August 14, 1997 — Newington
Well I got a job. A temp job as a system operator for Watts FluidAir, some sort of pneumatic valve company across the bridge in Kittery, Maine. I went in for an interview yesterday and ended up staying and working the rest of the afternoon. Basically I control all the jobs running on their AS/400, I go through all the batch jobs and designate which printers they need to be spooled to, etc. I monitor usage and if someone is using too much CPU I re-route them to another. Kind of interesting when you think about it, I'm like the systems gatekeeper. But it probably can get kind of stressful if it gets busy and people start demanding where their printouts are or why the computer is running so slow. But so far it is kickback, I have spare time to read through the manuals.
     I work under this woman Paula who is probably getting close to retiring. She has been working with Watts for something like twenty years. It's a pretty deadbeat job but it's a job and it's $10/hr. so I can't complain. Actually it will work out perfectly because it will go for 3-5 weeks and by then hopefully I will have something. I won't be under so much stress to take the first thing I get. And I get to work 7-3:30 so it gives me an hour in the afternoon to make calls or interview.
     Finally, our bedder-½ is coming tomorrow. I really don't feel complete without her. She's the one thing I have to be thankful for. If it wasn't for her my life would really suck. She alone makes me feel lucky to be alive.

August 24, 1997 — Portsmouth, NH
Has ten days passed since I last wrote in here? A lot has happened. Bedder-½ came and we're living in our new place. I picked her up last Friday. Drove to Boston early to check it out. Complete hecticity, but still a cool city. Majorly overcrowded and terrible traffic. An over whelming sense of not being able to park anywhere and at the same time not being able to get anywhere. It was great to see bedder-½ after a 2 weeks absence.
     I don't even remember what we did last weekend. We walked over bridges and stared at the water. Water is still such a noverlty to us.

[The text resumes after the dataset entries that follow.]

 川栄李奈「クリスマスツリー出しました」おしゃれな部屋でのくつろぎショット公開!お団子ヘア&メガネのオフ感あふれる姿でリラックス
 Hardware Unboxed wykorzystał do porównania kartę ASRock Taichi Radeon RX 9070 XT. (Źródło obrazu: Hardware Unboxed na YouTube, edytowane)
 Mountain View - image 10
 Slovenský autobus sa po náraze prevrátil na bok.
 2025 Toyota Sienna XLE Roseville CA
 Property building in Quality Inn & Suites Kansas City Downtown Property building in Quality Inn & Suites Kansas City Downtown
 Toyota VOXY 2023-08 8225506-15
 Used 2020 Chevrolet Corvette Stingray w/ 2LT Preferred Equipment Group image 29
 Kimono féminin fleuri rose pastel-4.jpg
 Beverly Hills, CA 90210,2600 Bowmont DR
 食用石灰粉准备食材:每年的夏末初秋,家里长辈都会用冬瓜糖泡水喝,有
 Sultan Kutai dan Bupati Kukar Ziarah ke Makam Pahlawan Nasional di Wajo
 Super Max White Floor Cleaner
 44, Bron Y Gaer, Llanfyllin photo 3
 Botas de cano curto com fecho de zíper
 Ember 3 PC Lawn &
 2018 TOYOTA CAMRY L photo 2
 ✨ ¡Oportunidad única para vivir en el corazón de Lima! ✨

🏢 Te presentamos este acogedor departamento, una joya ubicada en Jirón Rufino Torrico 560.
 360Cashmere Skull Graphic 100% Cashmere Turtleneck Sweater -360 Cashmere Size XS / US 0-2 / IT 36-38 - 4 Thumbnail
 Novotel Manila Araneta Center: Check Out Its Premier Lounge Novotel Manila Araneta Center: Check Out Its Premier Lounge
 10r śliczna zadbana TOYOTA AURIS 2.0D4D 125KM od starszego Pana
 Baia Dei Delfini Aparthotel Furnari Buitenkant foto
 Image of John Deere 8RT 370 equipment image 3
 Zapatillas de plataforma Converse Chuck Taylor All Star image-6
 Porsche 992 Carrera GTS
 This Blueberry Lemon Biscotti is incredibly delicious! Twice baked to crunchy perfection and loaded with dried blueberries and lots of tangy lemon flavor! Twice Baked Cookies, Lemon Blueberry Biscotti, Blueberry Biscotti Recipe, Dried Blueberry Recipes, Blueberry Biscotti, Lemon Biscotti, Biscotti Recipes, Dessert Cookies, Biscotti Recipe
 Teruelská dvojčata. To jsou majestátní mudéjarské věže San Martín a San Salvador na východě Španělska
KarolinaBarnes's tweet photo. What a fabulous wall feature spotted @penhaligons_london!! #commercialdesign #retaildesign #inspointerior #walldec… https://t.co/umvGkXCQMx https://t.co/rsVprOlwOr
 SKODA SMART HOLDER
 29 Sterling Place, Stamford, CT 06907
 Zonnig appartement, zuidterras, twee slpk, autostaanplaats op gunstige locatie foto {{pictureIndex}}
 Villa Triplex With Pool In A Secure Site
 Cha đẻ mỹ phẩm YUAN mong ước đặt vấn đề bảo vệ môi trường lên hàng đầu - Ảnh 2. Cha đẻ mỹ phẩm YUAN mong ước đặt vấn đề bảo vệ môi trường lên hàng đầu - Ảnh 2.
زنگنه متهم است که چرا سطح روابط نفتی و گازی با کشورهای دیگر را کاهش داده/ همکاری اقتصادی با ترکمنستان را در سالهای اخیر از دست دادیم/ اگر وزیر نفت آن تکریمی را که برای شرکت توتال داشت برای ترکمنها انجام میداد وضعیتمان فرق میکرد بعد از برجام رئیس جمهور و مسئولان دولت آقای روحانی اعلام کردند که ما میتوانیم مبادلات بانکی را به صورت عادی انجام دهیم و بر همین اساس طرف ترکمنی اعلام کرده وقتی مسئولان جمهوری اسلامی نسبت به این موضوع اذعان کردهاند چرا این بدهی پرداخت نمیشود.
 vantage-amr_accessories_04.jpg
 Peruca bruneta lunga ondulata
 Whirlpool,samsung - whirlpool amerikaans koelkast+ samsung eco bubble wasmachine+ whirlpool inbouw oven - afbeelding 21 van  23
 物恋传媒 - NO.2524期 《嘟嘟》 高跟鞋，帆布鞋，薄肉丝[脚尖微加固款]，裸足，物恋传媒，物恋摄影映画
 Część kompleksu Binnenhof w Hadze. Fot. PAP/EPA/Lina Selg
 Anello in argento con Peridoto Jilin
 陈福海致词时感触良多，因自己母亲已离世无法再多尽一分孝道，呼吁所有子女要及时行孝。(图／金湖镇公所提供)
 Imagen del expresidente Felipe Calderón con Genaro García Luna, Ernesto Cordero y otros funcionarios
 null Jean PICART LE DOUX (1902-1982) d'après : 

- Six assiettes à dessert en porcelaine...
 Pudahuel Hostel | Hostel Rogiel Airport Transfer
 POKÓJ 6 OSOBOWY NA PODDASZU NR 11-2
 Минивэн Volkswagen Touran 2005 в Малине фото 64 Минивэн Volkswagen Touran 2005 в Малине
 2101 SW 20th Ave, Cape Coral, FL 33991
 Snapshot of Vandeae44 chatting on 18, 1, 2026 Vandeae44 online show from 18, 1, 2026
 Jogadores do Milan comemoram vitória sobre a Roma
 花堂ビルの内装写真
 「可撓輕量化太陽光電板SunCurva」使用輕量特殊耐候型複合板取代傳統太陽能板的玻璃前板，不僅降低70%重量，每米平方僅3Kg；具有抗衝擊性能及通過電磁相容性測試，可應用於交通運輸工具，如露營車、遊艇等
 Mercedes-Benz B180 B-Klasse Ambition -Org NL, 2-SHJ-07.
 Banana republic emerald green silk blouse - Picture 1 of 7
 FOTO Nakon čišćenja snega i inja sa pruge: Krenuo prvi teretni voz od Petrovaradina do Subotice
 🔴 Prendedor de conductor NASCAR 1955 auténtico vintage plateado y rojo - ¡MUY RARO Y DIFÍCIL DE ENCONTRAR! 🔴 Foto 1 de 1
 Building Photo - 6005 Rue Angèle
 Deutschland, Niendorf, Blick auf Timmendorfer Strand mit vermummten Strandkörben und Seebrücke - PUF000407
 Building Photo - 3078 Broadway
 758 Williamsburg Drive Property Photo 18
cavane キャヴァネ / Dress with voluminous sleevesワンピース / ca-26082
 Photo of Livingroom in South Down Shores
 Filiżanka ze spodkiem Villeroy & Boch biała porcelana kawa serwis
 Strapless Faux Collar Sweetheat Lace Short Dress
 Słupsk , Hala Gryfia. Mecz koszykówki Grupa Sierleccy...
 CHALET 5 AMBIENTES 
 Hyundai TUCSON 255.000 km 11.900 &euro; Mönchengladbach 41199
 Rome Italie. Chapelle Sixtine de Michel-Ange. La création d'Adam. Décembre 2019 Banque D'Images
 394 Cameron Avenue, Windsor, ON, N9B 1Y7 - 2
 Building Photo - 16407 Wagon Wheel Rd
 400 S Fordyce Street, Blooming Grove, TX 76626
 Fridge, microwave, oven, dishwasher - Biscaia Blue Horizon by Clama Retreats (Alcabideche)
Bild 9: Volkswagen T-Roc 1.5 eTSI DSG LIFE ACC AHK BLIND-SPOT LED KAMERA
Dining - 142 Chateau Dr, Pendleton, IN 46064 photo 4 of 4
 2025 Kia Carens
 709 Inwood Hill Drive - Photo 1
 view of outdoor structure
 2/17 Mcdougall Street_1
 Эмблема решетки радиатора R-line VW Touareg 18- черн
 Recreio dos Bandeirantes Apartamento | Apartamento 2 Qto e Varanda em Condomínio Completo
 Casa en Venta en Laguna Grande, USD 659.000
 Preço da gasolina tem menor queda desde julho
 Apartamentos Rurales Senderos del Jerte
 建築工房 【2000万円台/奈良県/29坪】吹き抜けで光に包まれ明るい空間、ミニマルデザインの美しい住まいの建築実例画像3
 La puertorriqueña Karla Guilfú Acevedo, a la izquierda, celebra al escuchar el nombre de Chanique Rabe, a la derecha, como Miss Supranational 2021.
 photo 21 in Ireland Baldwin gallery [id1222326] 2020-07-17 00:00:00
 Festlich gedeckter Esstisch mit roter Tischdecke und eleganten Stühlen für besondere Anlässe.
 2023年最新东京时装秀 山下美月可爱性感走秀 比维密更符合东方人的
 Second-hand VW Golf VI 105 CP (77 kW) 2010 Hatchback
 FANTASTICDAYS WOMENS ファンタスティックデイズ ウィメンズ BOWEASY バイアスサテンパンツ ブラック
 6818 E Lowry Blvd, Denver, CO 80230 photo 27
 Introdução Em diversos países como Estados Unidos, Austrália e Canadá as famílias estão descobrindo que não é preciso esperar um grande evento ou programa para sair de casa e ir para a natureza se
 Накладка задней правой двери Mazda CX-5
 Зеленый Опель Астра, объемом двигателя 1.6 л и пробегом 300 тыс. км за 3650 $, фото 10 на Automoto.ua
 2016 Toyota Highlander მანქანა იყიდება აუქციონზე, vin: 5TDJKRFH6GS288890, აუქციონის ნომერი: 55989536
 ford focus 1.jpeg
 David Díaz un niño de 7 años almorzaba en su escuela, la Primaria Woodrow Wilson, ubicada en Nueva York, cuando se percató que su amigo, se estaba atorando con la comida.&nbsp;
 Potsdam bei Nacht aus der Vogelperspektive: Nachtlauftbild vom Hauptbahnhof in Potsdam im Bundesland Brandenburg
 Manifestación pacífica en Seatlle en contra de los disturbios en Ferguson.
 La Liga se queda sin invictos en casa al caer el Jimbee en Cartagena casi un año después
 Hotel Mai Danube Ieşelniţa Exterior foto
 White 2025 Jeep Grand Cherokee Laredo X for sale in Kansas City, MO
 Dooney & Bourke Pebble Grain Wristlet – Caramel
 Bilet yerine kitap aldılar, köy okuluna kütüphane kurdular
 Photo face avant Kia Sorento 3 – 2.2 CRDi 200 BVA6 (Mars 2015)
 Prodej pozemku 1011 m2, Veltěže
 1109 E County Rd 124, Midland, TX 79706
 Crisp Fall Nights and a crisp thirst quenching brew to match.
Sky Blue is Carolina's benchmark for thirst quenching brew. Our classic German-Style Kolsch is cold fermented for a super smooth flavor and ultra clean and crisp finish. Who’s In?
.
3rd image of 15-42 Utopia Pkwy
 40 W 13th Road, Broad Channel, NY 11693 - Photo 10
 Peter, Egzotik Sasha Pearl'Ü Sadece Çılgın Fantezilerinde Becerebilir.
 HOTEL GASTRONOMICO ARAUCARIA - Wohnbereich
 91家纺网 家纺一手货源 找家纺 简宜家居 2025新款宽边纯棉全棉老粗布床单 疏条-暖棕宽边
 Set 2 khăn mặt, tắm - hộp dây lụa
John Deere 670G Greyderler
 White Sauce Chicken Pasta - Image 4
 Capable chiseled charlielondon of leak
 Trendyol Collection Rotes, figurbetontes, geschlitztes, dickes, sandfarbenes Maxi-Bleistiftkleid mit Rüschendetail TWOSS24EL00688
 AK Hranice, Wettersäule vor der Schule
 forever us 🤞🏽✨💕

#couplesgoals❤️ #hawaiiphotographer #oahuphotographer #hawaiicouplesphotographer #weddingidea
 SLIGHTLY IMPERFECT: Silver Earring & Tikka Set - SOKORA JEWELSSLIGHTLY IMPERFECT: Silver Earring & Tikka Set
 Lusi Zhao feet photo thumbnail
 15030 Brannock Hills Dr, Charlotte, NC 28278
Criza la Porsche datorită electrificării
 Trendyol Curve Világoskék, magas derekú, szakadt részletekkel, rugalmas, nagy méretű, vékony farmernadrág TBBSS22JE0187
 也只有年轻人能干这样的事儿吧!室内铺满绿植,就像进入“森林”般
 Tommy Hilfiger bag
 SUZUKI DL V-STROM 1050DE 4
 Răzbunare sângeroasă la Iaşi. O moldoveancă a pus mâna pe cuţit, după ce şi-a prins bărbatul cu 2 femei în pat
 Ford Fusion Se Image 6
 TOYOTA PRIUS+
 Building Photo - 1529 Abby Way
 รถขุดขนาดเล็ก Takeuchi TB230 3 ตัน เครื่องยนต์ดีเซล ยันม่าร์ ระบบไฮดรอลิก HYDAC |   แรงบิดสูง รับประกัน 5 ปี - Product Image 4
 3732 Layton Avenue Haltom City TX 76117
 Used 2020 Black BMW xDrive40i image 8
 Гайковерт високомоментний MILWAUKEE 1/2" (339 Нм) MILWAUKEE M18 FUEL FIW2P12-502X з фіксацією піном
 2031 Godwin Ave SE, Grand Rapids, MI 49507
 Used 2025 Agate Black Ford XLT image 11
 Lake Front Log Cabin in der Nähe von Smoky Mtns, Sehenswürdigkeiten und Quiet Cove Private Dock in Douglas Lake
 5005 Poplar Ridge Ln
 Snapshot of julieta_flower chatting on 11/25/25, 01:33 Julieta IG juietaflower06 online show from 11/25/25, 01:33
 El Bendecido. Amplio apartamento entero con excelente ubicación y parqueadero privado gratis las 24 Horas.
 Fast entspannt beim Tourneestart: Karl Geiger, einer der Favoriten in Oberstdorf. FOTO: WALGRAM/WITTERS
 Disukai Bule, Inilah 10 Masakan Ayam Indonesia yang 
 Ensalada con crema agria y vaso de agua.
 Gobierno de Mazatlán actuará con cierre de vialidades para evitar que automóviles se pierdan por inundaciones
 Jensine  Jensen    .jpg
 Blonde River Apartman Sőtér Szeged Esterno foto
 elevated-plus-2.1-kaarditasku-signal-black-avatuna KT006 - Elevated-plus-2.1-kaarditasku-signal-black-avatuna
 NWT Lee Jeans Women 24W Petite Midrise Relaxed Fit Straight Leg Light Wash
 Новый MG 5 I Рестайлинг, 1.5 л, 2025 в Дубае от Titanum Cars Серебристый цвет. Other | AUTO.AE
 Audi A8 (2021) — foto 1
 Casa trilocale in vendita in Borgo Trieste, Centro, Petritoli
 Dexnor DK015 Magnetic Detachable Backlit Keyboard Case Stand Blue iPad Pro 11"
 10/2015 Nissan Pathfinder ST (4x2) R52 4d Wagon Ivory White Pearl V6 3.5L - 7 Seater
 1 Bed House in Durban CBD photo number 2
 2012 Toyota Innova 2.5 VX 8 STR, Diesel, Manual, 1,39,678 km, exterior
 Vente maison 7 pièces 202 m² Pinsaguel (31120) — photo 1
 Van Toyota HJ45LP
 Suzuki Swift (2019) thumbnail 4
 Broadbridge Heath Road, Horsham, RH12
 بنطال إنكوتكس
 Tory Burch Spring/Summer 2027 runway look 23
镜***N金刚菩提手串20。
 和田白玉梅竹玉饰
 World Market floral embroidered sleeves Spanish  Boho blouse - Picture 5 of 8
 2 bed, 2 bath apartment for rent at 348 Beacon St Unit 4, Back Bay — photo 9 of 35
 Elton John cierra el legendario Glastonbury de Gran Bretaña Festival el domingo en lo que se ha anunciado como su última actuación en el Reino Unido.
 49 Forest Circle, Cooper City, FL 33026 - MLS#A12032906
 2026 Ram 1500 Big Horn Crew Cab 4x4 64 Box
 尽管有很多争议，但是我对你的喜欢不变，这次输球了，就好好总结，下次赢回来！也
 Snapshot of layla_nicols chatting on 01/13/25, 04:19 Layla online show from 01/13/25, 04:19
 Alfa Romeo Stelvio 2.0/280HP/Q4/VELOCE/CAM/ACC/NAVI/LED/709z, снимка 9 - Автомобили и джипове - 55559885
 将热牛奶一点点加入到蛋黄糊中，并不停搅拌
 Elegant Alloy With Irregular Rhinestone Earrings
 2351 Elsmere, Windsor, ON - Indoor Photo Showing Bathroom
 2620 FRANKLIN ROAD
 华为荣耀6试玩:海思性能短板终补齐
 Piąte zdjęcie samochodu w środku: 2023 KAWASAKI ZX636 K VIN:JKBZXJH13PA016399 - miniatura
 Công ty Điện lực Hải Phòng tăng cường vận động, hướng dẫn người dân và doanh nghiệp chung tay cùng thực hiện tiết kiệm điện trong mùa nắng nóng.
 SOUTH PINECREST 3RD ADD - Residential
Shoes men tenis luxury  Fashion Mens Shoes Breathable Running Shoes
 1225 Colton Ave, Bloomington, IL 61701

We explored around Portsmouth, I showed her our place from the outside. Then we moved in on Monday. I worked all week. After work on Monday we got the keys and I made runs to U-haul until it closed. Up three or four flights of stairs with all our stuff. Major gain in potential energy. Let's say 2000 kilos, 10 meters up, at 9.8 m/s2 that's 200,000 newtons of energy I stored in our apartment. It's awesome. The coolest place I've ever lived. But it was a pain getting everything up the narrow stairwell and parking on the street is going to be a pain as well. Didn't finish on Monday so I finished Tuesday. After an interview I had at four with George Carey. He is vice president of a company right here in Portsmouth that makes software for the hotel industry. It's actually pretty cool. And it would be awesome to work there as it is only a few blocks away and it is a kickback place. But he was a little discouraging, kept saying that they needed somebody that would be available right away, that wouldn't require too much training. But maybe they would take on somebody that would be more of a long-term investment. Haven't heard from him since.
     Wednesday I had an interview in Boston with Bechtel. Everything seems awesome about the job. It's for an environmental engineer monitoring noise on the Central Artery project. It's the biggest public works going on in the country right now. I experienced it firsthand going into the city. I gave myself plenty of time and thought I would be early until I hit the gridlock of downtown traffic and tried to park. It's complete hell. It's like a bomb hit the downtown. That's the Central Artery project. But the disadvantages of the job are that it is in Boston and I would have to do that commute. The hours would be irregular, sometimes I'd have to work the night shift, or start at six in the morning, so it would be hard to take a bus or train.     
     I interviewed first with the H.R. person and then she sent me over to meet with these two other guys and they really grilled me, sitting on either side of me. But they seemed to like me. I have good qualifications for the job. Field work experience yet a technical background. I could've kicked myself for forgetting some important information. He asked me what construction experience I had and I completely neglected to mention my most recent surveying work. That probably would've looked good, but I forgot. I was nervous, I had been held up in traffic, couldn't find parking, had to run to get there on time. I wasn't used to wearing a suit and tie, so it was hot and stuffy and I was sweating buckets. Had a sort of out of body panic attack like "who am I and what is this place I am interviewing at," sort of like that Talking Heads song. Not sure I would want to work in that environment, but I can't be choosey.
     So we moved in. We love it. We watch all the boat traffic, the coming and going of tides, the drawbridges raising, the tugboats going out to meet ships and escort them in, all the tourists and people in the streets, the crowded wharfside restaurants. We sleep under a skylight with fresh sea air coming through. The other morning it was foggy and we could barely see the bridges. I don't know, it's fantastic but none of it has really sunk in. I have been in such a frantic state moving in and with the interviews and job search and that I haven't really stopped to smell the flowers, let alone write in this journal. We did get out to the White mountains yesterday though. Went to cathedral ledge and climbed Thin Air (5.6 x 5 pitches)  It was about a 2 hour drive, the traffic sucked. It's not as grand scale as the west but still it's mountains and it's been months since I saw even a hill. And it's been 4 or 5 months since I've climbed. Thin Air was the classic moderate route. Long slabby route wandering up a dome. The rock can be vegetated and moist and sweaty like it is weeping (it rained hard the day before). It was just a nice change. Adventure climbing. Vertical hiking on cliffs. It will be really nice in the fall.
     I've got my routine pretty much down at work. I'd have more to stay but I need to catch up with everything else in my life. There's a lot more to say.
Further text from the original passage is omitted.